Friday, March 6, 2009

"Kill Switch"

T-Bone Burnett--"Kill Switch" (mp3)

I have written previously about songs that mean more to me than perhaps they should, songs that are more than the sum of their parts. Here is another one:

"Kill Switch" comes off of T-Bone Burnett's Cd from 17 years ago, The Criminal Under My Own Hat.

I last touched base with T-Bone during the Robert Plant and Allison Kraus tour last year. Not only did T-Bone produce the Cd, but he also seemed to be the band director, or at least a player in the band, for the tour. He even played one of his own songs during the tour, but I can't remember what it was. I recognized it, but I don't think it's from this Cd.

T-Bone is a quirky songwriter. Some of his stuff is kind of hard to listen to. His wife is Sam Phillips. They caused something of a scandal when they hooked up while she was a Christian singer. I don't know if he turned her to the dark side of the Force or what, but I do know that he is a pretty complex songwriter.

Surprisingly, then, "Kill Switch" works because of its very simple lyrics:

We killed them at the palace, Babe
And we murdered them in Rome
We knocked them all dead, Babe
Then we brought it all back home

The big heat is coming down
Like hail from the sky
Don't look for me in the morning, Babe
Only kiss me goodbye

There are those who play for money, Babe
There are those who play for fame
There are still those who only play
For the love of the game

It also works because of a dobro signature that introduces the song and fills between verses, played by the legendary Jerry Douglas.

Now, I have a friend, a guy who is on an eternal search to find the next Stevie Ray Vaughn, who says he saw a dobro player who is better than Jerry Douglas. Jerry is considered in most circles to be the greatest dobro player in the world. When my friend says that he has heard someone better, I don't believe him.

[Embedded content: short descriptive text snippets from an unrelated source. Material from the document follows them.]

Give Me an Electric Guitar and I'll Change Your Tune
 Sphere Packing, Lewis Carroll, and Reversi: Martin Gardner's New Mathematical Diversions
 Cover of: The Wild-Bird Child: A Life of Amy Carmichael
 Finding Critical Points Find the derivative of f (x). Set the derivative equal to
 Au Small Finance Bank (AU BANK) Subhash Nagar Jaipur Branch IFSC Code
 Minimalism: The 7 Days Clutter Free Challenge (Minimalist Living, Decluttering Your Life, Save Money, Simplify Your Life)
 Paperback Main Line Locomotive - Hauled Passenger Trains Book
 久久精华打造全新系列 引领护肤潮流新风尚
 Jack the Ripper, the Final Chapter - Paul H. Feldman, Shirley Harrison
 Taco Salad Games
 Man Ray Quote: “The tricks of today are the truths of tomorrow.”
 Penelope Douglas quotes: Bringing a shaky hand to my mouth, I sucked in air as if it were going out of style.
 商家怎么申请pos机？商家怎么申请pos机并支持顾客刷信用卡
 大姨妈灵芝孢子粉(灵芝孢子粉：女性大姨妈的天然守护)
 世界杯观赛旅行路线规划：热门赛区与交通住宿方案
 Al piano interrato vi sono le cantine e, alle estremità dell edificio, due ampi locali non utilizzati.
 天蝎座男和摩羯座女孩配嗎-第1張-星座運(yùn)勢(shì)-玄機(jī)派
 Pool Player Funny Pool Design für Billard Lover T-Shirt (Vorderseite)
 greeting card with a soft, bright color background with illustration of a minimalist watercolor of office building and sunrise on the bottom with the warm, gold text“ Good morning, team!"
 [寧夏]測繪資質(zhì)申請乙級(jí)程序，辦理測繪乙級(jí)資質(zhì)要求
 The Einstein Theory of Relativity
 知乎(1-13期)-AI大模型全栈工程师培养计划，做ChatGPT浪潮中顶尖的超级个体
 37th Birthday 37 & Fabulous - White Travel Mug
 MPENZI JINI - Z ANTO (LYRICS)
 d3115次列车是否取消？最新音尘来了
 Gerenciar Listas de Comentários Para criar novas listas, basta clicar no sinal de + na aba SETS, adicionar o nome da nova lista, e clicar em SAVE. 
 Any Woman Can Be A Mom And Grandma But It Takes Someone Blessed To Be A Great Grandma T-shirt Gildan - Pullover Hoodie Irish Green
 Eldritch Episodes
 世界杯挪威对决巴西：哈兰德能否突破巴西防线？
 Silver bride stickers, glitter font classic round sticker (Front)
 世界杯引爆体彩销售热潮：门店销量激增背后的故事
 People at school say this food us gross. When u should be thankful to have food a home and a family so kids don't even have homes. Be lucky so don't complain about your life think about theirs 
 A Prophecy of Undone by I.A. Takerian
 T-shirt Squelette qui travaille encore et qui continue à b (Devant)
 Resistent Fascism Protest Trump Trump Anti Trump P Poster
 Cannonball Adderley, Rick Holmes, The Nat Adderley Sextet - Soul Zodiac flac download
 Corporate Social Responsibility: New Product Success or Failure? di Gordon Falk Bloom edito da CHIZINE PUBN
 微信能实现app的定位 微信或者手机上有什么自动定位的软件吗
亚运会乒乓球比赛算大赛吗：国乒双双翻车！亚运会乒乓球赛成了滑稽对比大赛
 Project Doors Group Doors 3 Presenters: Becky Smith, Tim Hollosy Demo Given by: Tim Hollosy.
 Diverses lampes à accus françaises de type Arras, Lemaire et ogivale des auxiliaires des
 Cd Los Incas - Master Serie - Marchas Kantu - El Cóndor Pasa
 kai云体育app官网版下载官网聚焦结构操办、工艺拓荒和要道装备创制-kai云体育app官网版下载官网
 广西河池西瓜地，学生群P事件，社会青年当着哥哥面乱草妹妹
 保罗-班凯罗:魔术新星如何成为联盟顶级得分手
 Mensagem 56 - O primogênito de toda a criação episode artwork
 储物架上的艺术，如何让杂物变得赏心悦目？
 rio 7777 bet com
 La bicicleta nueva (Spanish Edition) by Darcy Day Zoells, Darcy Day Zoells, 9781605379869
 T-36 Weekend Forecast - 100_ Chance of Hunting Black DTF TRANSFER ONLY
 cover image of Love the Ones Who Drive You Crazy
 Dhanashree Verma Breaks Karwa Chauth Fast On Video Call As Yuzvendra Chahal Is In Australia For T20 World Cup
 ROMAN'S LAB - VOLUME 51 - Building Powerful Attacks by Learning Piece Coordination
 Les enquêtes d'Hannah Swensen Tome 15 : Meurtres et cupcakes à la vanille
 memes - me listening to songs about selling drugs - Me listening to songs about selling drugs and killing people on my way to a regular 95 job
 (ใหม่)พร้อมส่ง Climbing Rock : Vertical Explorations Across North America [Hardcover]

I will concede faster, smoother, more relevant, whatever you like. But better, no way.

Here, as in other places, and often on Allison Kraus songs, Jerry's work makes the song better.

As for the lyrics, all of the lines in the first verse have double meanings, meanings that ultimately center on musical performers as the ones who "murdered them in Rome" or only play for "the love of the game." The second verse would seem to suggest a kind of "kill switch" for the human race

I don't know what the title "Kill Switch" means literally, but it also seems fitting for the last song on an album, kind of a way of shutting the whole thing down definitively, the way the song does that with its terse commentary. Its simplicity reminds me of Neil Young's "Hey, Hey, My, My" song about Johnny Rotten, Elvis, and other who either "burned out" or "faded away." "Kill Switch" reminds us that art can stand for something besides money--it can stand for a connection with audience, a joy in and of itself, or even, as Robert Frost once said, "a momentary stay against the confusion." And if the "big heat" is coming, we're going to need that musical relief.

"There are still those who only play/For the love of the game." Others have said it before T-Bone, but his voice, his melody, his music, his musicians all combine to drive the point home perhaps more poignantly.

"Kill Switch" is available at Itunes on Twenty Twenty: The Essential T-Bone Burnett. By the way, I always heard the second stanza as "The Big Heat is coming down/ Like Hell from the sky." The Internet transcriber I found does not agree with me.


HBF said...

"His wife is Sam Phillips. "

His wifw WAS Sam Phillips - they are now divorced .....

Bob said...

Oh, I didn't know that. I have some of her stuff, but the last time I saw her was in the 3rd Die Hard movie where she plays a mute terrorist companion to Jeremy Irons.